High-Current Tests

The term high-current tests summarizes types of tests which may need several kilo amps to be performed.

Tests are performed with a test voltage according to the appropriate standard, for example 115% of the rated voltage of the test object.


A requirement given by the standards is that devices and power distribution systems have to fulfill their specified functions safely at these extreme short-circuit currents. The expanding energy density of the energy grid makes it necessary to provide extreme test currents far beyond 100,000 Amps for tests. I²PS has one of the world's most powerful testing systems.

Generator

Tests with extreme short-circuit currents are used to examine the behavior that switchgear and assemblies are being exposed to at the limits of their technical and physical capacity. The results achieved with these tests are extremely important and serve to reassure project developers, installers, and owners that a switchgear device or a power distribution system will be able to meet all applicable requirements resulting from extreme failure or fault scenarios. An extensive control system makes it possible to precisely control all test procedures and to monitor system components.
This ensures that a few seconds after completion of the test, he testing system is able to provide all the information required for a competent and comprehensive evaluation of the test results. Other special measuring techniques from the Test Laboratory Bonn, such as high-speed video, laser vibrometers, and x-ray analyses, can be used as well.

Relevant Standards:

IEC/EN 60947, IEC EN 61439-1 und 2, IEC / EN 60269, additional standards in conformity with UL, CSA und SABS

DUTs:

Low-voltage switchgear, low-voltage switchgear systems, low-voltage fuses, miniature circuit-breakers, variable frequency drives, soft starters, etc.

Prüfzelle

An overloadtest is used to determine the tripping values for overload and short-circuit releases. The limits of the tripping values for the overload test, specified by the technical committees of the standards, are tested at various ambient temperatures. The following parameters provide information regarding our testing capability:

 

  • Overload currents up to 12,000 A
  • Short-circuit capacity up to 25,000 A
  • Temperature characteristics of –25 °C to +60 °C
  • Harmonic up to 700 A / 1,500 Hz

Relevant Standards:

IEC/EN 60947, UL 508, UL 508C, UL 845, UL 1008, CAN/CSA C22.2 No60947-5-1

DUTs:

All devices that have a corresponding protective function, such as circuit-breakers, overload relays, fuses, etc.

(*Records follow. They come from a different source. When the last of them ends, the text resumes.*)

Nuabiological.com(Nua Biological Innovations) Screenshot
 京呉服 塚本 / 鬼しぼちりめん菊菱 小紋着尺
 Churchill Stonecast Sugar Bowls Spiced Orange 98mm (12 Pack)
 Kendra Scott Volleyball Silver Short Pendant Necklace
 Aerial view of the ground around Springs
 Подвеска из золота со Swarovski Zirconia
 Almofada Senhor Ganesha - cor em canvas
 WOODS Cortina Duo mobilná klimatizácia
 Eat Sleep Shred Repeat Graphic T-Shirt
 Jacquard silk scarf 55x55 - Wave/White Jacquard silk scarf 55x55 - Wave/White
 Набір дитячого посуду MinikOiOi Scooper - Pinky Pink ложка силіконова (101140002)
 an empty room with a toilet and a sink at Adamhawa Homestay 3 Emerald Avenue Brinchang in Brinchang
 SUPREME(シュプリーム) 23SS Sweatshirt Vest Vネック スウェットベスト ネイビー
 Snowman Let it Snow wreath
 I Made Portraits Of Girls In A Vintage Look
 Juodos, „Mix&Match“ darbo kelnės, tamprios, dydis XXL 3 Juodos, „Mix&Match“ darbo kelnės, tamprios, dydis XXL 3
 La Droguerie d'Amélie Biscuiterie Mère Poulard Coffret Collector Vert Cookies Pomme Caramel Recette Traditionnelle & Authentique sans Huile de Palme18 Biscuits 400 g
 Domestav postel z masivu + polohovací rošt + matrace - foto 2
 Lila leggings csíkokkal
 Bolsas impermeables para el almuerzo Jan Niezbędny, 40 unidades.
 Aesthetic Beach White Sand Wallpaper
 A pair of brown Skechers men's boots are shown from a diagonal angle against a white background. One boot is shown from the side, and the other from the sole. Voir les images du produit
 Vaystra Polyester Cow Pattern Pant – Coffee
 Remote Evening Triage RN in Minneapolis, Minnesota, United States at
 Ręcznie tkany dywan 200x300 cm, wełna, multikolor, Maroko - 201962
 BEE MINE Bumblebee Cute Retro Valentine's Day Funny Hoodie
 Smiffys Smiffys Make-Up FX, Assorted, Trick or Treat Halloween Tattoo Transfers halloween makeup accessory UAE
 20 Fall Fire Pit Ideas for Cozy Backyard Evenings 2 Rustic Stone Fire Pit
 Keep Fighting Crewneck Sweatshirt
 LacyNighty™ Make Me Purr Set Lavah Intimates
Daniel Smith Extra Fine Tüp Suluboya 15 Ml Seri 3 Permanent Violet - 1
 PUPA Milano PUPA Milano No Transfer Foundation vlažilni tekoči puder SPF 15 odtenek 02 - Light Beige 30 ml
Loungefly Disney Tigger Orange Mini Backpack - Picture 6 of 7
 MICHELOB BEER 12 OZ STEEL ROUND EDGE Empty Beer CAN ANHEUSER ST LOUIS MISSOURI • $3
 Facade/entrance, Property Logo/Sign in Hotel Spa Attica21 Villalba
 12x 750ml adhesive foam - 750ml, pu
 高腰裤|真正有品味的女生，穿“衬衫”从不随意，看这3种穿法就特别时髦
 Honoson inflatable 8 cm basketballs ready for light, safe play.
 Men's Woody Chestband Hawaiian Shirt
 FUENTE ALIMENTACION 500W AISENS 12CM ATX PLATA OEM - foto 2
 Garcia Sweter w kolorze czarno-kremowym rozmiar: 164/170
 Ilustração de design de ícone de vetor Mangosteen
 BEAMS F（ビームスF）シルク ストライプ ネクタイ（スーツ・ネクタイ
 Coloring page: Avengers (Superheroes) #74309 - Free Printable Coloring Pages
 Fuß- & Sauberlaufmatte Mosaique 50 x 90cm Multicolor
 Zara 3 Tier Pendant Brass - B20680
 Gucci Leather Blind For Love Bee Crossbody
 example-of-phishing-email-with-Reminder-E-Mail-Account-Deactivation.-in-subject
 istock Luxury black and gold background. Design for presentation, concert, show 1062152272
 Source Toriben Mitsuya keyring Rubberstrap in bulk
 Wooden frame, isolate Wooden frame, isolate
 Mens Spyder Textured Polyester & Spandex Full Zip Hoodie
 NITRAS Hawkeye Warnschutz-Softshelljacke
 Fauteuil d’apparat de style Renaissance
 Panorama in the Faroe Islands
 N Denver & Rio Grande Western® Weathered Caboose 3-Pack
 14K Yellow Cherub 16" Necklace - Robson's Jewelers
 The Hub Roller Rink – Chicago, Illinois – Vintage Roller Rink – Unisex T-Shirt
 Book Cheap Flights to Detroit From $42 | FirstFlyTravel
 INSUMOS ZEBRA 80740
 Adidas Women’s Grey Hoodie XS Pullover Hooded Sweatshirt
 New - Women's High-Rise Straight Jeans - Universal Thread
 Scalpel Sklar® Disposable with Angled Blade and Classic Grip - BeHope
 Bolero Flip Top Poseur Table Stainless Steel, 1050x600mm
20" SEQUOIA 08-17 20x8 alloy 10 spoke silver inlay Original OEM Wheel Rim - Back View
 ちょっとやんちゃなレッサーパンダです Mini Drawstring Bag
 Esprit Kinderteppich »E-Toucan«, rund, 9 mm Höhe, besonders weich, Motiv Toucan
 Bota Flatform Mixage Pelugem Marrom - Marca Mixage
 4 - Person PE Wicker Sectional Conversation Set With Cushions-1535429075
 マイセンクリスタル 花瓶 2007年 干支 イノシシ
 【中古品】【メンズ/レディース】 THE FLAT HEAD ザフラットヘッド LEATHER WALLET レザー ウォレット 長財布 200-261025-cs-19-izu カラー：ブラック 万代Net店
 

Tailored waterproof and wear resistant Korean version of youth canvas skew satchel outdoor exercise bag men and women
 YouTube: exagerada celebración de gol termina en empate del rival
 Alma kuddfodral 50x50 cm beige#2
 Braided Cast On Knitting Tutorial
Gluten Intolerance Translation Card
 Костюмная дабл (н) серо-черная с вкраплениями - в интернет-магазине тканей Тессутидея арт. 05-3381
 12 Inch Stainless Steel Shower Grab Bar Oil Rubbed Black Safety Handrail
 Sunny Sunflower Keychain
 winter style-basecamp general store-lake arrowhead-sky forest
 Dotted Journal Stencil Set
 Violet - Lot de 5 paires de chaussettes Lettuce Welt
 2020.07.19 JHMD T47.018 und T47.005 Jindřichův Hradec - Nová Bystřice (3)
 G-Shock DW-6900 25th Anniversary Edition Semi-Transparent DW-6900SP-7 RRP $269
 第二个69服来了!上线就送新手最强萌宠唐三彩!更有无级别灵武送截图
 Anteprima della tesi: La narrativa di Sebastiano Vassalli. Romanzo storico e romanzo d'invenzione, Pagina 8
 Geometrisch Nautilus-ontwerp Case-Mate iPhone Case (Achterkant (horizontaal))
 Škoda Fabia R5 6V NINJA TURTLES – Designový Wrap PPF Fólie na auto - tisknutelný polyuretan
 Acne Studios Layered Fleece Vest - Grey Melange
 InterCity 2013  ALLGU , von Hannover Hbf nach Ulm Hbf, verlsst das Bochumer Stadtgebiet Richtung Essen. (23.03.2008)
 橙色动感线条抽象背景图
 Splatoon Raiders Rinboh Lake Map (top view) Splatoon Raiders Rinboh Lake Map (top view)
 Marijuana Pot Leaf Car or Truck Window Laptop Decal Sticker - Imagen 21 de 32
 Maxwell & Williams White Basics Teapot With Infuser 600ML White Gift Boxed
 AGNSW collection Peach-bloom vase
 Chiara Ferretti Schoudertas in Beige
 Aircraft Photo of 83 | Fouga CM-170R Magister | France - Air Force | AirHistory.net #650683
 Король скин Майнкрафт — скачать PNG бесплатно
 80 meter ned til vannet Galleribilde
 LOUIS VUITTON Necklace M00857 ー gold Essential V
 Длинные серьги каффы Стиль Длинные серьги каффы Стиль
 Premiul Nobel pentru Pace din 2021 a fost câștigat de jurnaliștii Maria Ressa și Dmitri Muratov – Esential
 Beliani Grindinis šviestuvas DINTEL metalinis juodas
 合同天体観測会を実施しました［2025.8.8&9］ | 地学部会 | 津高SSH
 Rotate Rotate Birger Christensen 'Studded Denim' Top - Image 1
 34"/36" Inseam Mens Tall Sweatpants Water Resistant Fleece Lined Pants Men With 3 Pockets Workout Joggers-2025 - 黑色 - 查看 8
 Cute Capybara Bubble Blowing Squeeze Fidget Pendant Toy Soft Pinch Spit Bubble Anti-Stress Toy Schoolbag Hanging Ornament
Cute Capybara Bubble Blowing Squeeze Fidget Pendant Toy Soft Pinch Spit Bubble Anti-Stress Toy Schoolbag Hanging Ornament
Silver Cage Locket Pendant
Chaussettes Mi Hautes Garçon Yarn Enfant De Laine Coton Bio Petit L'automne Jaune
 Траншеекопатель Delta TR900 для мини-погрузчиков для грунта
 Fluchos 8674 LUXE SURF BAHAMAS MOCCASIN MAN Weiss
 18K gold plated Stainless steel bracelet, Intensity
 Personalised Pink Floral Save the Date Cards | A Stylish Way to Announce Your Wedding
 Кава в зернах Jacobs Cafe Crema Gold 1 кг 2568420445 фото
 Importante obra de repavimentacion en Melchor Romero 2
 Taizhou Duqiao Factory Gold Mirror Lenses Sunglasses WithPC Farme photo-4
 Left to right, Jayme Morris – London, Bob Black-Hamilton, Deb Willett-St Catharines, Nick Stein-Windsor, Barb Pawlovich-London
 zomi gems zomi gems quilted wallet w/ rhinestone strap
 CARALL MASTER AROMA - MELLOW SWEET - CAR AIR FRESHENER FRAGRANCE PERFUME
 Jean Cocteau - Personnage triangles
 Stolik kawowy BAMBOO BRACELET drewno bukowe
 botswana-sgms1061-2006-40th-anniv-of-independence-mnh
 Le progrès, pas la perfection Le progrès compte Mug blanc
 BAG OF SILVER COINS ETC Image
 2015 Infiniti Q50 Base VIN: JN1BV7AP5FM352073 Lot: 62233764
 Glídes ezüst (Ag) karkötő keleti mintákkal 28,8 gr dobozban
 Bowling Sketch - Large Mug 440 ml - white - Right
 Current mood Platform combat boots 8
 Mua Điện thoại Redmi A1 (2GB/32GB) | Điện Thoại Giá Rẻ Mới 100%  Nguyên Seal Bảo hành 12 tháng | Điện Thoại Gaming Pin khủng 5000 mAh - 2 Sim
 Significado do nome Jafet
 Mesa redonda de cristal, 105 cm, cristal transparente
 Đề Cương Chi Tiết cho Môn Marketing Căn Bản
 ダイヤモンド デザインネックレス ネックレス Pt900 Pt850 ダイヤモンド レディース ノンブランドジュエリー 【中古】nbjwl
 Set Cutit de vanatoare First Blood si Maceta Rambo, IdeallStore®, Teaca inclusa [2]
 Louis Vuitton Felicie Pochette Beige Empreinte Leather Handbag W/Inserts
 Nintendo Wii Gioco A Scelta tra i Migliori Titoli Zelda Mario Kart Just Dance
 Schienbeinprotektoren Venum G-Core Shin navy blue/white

Schaltschrank in der Erwärmungsprüfung

Temperature rise tests on electrical equipment and switchgear assemblies are used to determine the thermal designof contacts and conductors, as well as the insulating material components of the current carrying parts. In addition, these tests are used to verify that the permitted temperature values are within the limits as required by national and international standards. In order to be able to analyze long-time temperature rise tests for the verification of suitability, I²PS GmbH's measuring system has been specifically expanded to make it possible to record, analyze, and document physical variables such as forces and voltage drops as well. Since temperature rise tests cannot be conducted with extra-low voltage for all test objects (e.g., frequency converters and soft starters), there is a wide variety of load circuits and motors available as loads for this purpose.

Relevant Standards:

IEC / EN 60947, IEC / EN 61439, IEC / EN 60269, UL489, UL508

DUTs:

Switchgear, distribution systems, components, terminals, etc.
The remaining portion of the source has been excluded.